Será recordado, profesionalmente, por ser el fundador de la Asociación para la Defensa del Cazador y Pescador vascos (ADECAP) y del Día del Cazador y Pescador Vasco, que congrega año a año a unas 100.000 personas en el campo de aviación de Vizcaya, segundo presidente de la Oficina Nacional de la Caza, a la cabeza de la cual se convirtió en resorte, junto a la RFEC, de la multitudinaria manifestación que llenó el Paseo de la Castellana de Madrid en 2008 contra la Ley de Biodiversidad. Fue galardonado con el prestigioso Premio Carlos III de la Real Federación Española de Caza (RFEC) o con el Premio Miguel Delibes en 2017. En sus conversaciones sobre sus orígenes y linaje venatorio, hablaba de su abuelo, Víctor Sarasketa Suinaga, de cómo comenzó aprendiendo el oficio de artesano basculero a los 14 años, creando su propia fábrica de armas finas en 1906, llegando a ser nombrado Armero Real por Alfonso XIII.

A la derecha, José Luis Garrido, Juan Antonio Sarasqueta y Santiago Ballesteros.
Ya en 2018, Santiago Ballesteros, abogado de reconocido prestigio y siempre ligado al sector cinegético, escribió un emotivo texto sobre la figura de alguien a quien describió como «ante todo, un hombre justo». Lo reproducimos a continuación, suscribiendo todo lo que plasmó de la figura del gran cazador vasco.
«Le conocí en 2007, cuando yo era un pipiolo manchego de treinta y tres años y él un hombre recio del País Vasco e hijo del afamado armero Víctor Sarasqueta.

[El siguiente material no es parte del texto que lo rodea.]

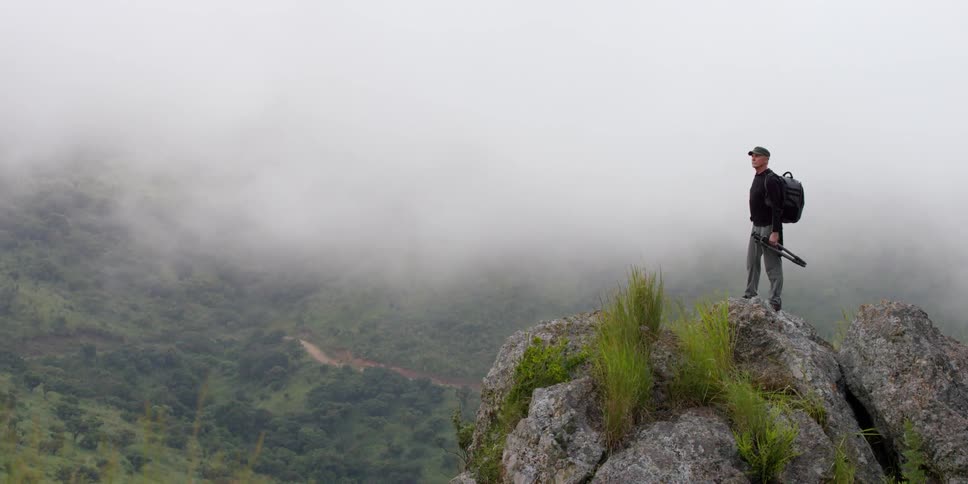 A man, who is holding a tripod, standing on top of boulders on a foggy day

Lo primero que le escuché hablar en una de aquellas reuniones en la calle Velázquez, donde tenía su sede la ONC, fue de organizar una manifestación y llenar de cazadores la Castellana. Pensé que estaba loco. La realidad es que el ido era yo. El 1 de marzo de 2008 los cazadores llenaron la Castellana y él hizo un discurso apasionado y brillante ante cerca de medio millón de cazadores. Fue una manifestación histórica en la que tuve la suerte de aprender al lado de personas como Juan Antonio. Lamento no haber frecuentado más su compañía y haber aprendido más de él: «cuando descubras a un hombre sabio, que tus pies desgasten el umbral de su puerta».

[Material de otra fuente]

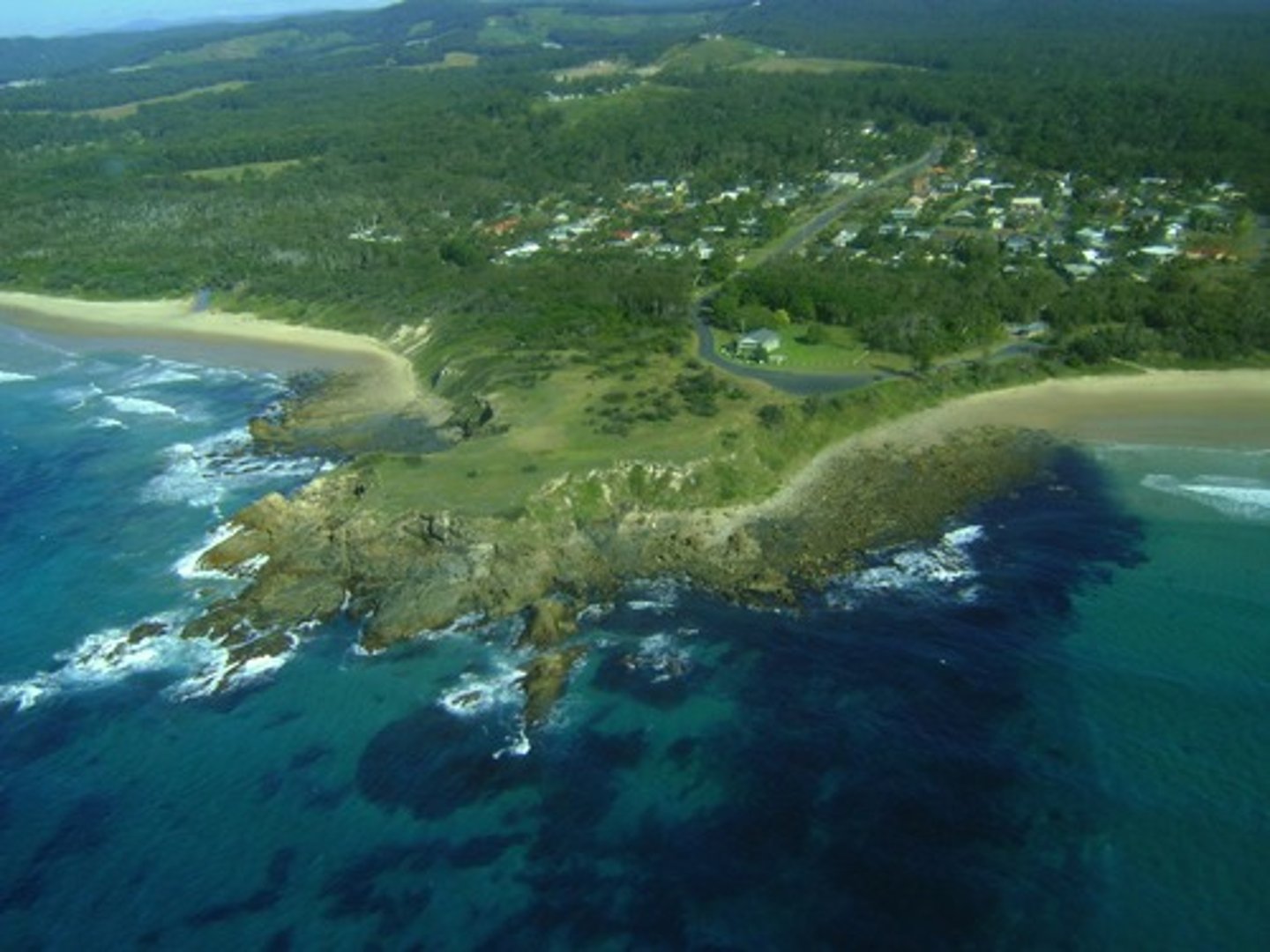 <p>an area of land that extends out into the sea, usually higher than the surrounding land; also called a point</p>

Juan Antonio es muchas cosas, pero ante todo es un hombre justo y, en el mejor sentido de la palabra, bueno. De él he aprendido el significado de la expresión templar gaitas. Fue premio Carlos III de la Real Federación Española de Caza, Premio Miguel Delibes y no sé cuántas cosas más. Algo tendrá el agua… Ha sido y es un maestro de maestros. Y yo humildemente me conformo y me relamo de haber podido estar a su lado y haber aprendido de un líder: generoso pero fuerte, directo y sin granujerías, de los de al pan, pan, y al vino, vino. Negociador hasta los tuétanos, con el convencimiento de que el acuerdo se cimenta en la base, de que el negocio tiene que ser para ambas partes.
Sus grandes obras son quizá ADECAP y la ONC, de la que ha estado al frente muchos años, algunos los más productivos de la historia de la entidad, liderando, pero dejando trabajar; presidiendo, pero repartiendo juego entre sus colaboradores y no acaparando protagonismo. Pienso que el mundo en general necesita más corazón y menos cabeza, más pasión y sentimiento sin colar y aderezar, y menos cálculos y maquiavelismos de medio pelo. Si algo creo que gusta de Juan Antonio es eso».

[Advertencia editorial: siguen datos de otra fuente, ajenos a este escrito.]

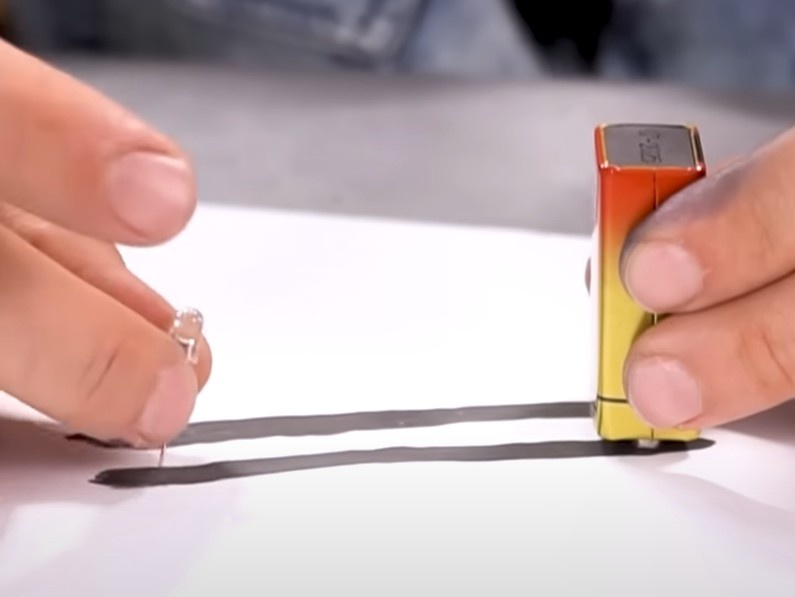 Encontre os polos positivo e negativo da bateria e encoste um deles em uma linha e o outro em outra. NÃO COLOQUE NA MESMA LINHA.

Santiago Ballesteros, 12/04/2018
Hoy, su hijo Íñigo lo despedía en redes sociales: «Gian Bego, maestro», escribía para desearle el mejor descanso en el cielo. Algo a lo que todos los que trabajamos en Club de Caza nos sumamos. Descanse en paz.
La ceremonia para despedirle se oficiará en la Parroquia Santa María de Durango el viernes a las 19 horas.